According to Navin Raheja, managing director, Raheja Developers, the firm has recently signed new revenue sharing deals with Ginger Hotels (a Tata Enterprise), Caf Coffee Day, Subway and Yo China. We have recently signed the agreements with many retailers for our commercial properties at Manesar, Gurgaon and Panipat.
In the present market scenario, retailers are a little hesitant to enter into fix lease amount as the sales are low, said Raheja. The rationale behind this move is that the developer will get better value if the property is doing good and retailer s will be happy to share the profit that they have earned from the property. Second, these kinds of arrangements are win-win situation for both the parties. The developer will also focus on increasing the footfall in the mall and retailer will also not be under pressure to pay the fixed overhead. We are focusing on a revenue sharing model for all our commercial/ retail properties that the company is developing or planning to develop, added Raheja
In India, over 600 malls will be ready to be sold or leased and around Rs 30,000 crore have already been invested in the malls, although these are not taken by retailers due to higher rents and common area maintenance (CAM) cost.
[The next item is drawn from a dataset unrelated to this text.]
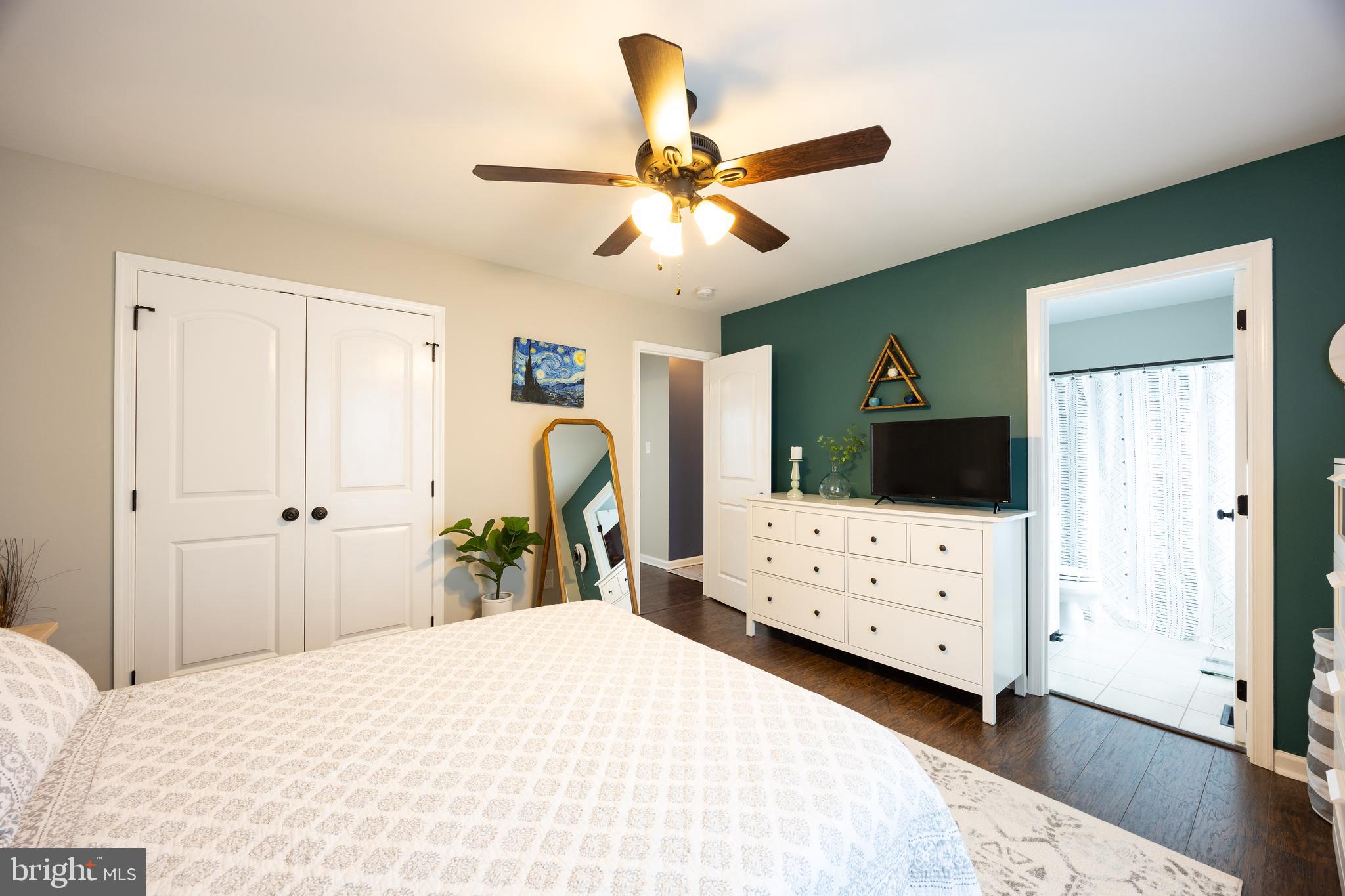 RED HILL - Residential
Entertainment World Development Private Limited, an Indore-based leading real estate group is in advanced stages of entering revenue sharing agreement in Nanded for our upcoming mall apart from fix rental agreement with Big Bazaar and Pantaloon in Indore, Manish Kalani, managing director, Entertainment World Development Private Limited, said. According to Kalani, Besides, as part of the revenue sharing agreement, we are evaluating plans to bring in innovative concepts in our upcoming retail malls such as a seamless mall within a mall.
As part of the revenue sharing pact, seamless mall provides benefits to emerging brands in terms of no rent, no CAM and no electricity charges. Seamless mall functions as a retail enabler, believes industry experts.